193- Do not fabricate files, citations, data, search results, or execution outcomes.
194
195## Input Validation
196
197This skill accepts requests that match the documented purpose of `grant-proposal-assistant` and include enough context to complete the workflow safely.
198
199Do not continue the workflow when the request is out of scope, missing a critical input, or would require unsupported assumptions. Instead respond:
200
201> `grant-proposal-assistant` only handles its documented workflow. Please provide the missing required inputs or switch to a more suitable skill.
202
203## Response Template
204
205Use the following fixed structure for non-trivial requests:
206
2071. Objective
2082. Inputs Received
2093. Assumptions
2104. Workflow
2115. Deliverable
2126. Risks and Limits
2137. Next Checks
214
215If the request is simple, you may compress the structure, but still keep assumptions and limits explicit when they affect correctness.
216
217## When Not to Use
218
219- Do not proceed when required input files, identifiers, parameters, or context are missing — ask the user to provide them first.
220- Do not assume capabilities beyond this skill's declared scope when the user requests external operations or inferences.
221- Do not proceed without user confirmation when overwriting existing results, executing high-cost batch operations, or expanding task scope.
222
223## Required Inputs
224
225| Field | Required | Format/Source | Example | If Missing |
226|---|---|---|---|---|
227| User task description | Yes | Text | Research question, writing goal, analysis objective | Stop and ask user to provide |
228| Primary input material | Depends on task | Text, file path, ID, table, or literature | PMID, PDF, CSV, DOCX, keywords, etc. | Specify which material type is missing |
229| Output preference | No | Text | Language, format, target journal, template | Use skill default format |
230
231## Output Contract
232
233- Primary output: Structured result or target file aligned with this skill's objective.

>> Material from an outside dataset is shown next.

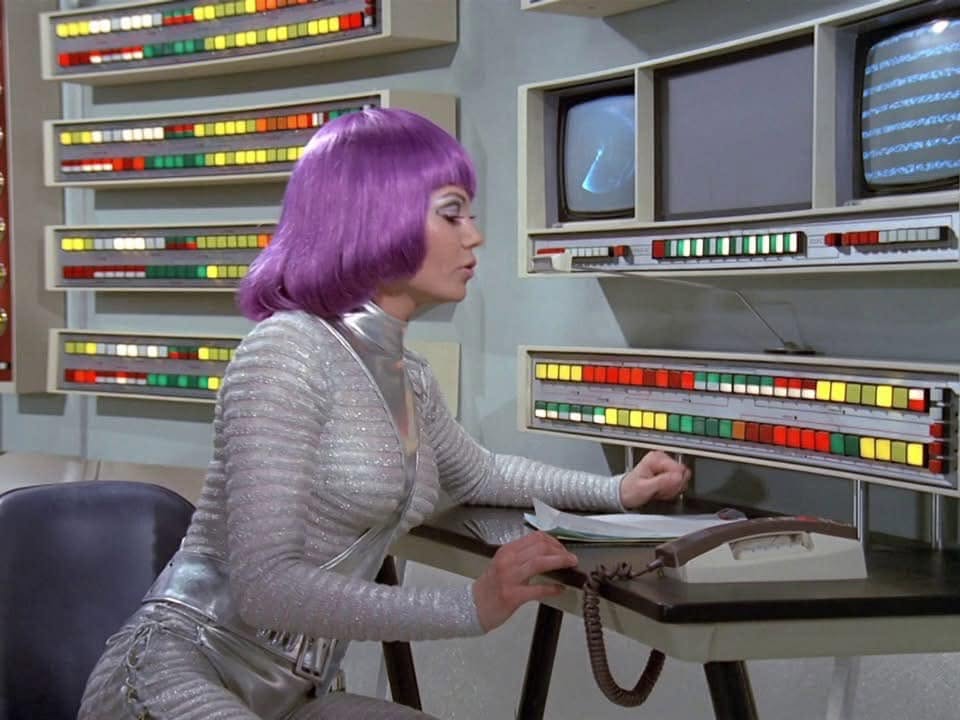 728195692_4484088918536178_2564525698553556614_n.jpg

234- Optional output: Intermediate check notes, issue list, supplementary suggestions, or generated file paths.
235- Format requirement: Unless the user specifies otherwise, prefer stable, reviewable Markdown or JSON; if the skill's bundled script requires a fixed format, use that format.
236- If partially complete: Must explicitly mark as PARTIAL and state which steps are completed and which remain.
237
238## Failure Handling
239
240- Missing critical input: Explicitly state which fields, files, or identifiers are missing and pause.
241- Script, template, or resource execution failure: Report the failing step, likely cause, and recovery suggestions — do not silently degrade.
242- Partial completion only: Return the verified portion first, then list remaining blockers and suggested next steps.
243
244## User Checkpoints
245
246- Before executing batch processing, overwriting files, long-running searches, or multi-stage generation, confirm scope and output format with the user.
247- Before proceeding when a key judgment is ambiguous, evidence is insufficient, or the workflow is entering the next stage, confirm with the user.
248
249## Quick Validation
250
251- Check that key scripts, templates, or reference file paths this skill depends on exist.
252- Check that the final output contains the core fields, sections, or files specified for this task.
253- Check that results clearly mark assumptions, limitations, and incomplete items.